Emerging literature on the sensemaking of entrepreneurial failures partly fills this knowledge gap. These studies have examined how entrepreneurs cognitively process and narratively construct their ventures’ failures (e. g. Cardon et al, 2011; Mantere et al, 2013). However, these studies focus on ultimate failures, rather than failed attempts to acquire external resources. Continued inability to acquire key resources, being a direct premise of entrepreneurial failures, has not been studied as a subject of sensemaking.

Therefore, this study seeks to understand how entrepreneurs make sense of and narratively construct experienced hardship of resource acquisition at the early years of their ventures’ existence. Furthermore, although scholars acknowledge that public perception influences the way entrepreneurs’ make sense of their ventures’ failures (e. g. Cardon et al, 2011), extant literature failed to explain what constitutes public perception of entrepreneurial failures. Therefore, this study also seeks to understand how entrepreneurs’ narrative construction of failures and hardship affects public perception.

To fulfil the research objectives, this study is based on a synthesis of the literatures on new ventures legitimation, entrepreneurial failures and social movements (e. g. Benford & Snow, 2000). Social movement approach provides suitable theoretical and methodological framework for the research endeavour. Social movement studies explore how collective discontent is made sense of, grievances are articulated and framed as injustice by social actors in pursuit of social change (Turner, 1995).

In this study, narratives of entrepreneurs whose ventures’ development is hampered by inability to access external resources are examined. The empirical investigation is focused on the new ventures’ attempts to establish collaborative technology partnerships with incumbents. Frame analysis (Goffman, 1974; Creed et al, 2002a) is adapted to critically examine entrepreneurs’ narratives collected through very in-depth interviews. The data set comprised narrative interviews with 35 entrepreneurs and 16 top managers of private and public organizations in France.

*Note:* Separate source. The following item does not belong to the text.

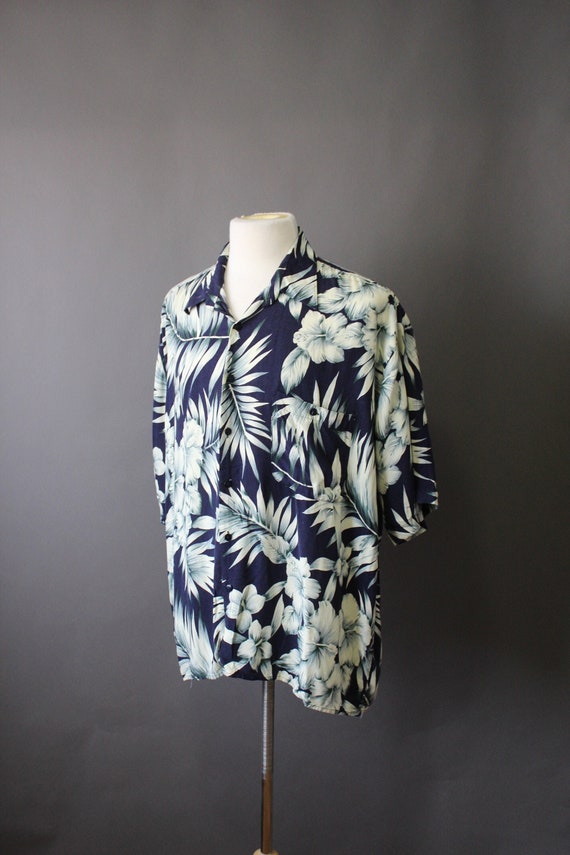 Hawaiian Shirt. Tropical Floral Print. Summer Shi… - image 1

The findings of this study suggest that failed attempts to establish technology partnerships with incumbents trigger entrepreneurs’ sensemaking of their own experiences and also broader reinterpretation of technology partnership as a patterned social interaction. It was found that the entrepreneurs whose ventures’ development is hampered by inability to access incumbents’ resources are likely to frame their hardship as injustice rather than simple misfortune or mistake. The findings also indicate that injustice frame plays twofold role in the entrepreneurial dynamics. Besides being an interpretive and blame externalizing mental model, injustice frame also plays a sensegiving role. It is demonstrated that when framing their hardship as injustice, entrepreneurs employ contextually embedded discourse to construct collective identities of new ventures and incumbents that ascribe role expectations to resource-holding incumbents. Furthermore, relevance to experience and cultural resonance of the injustice frame determines its appropriation by other actors and, therefore, its impact on the public discourse.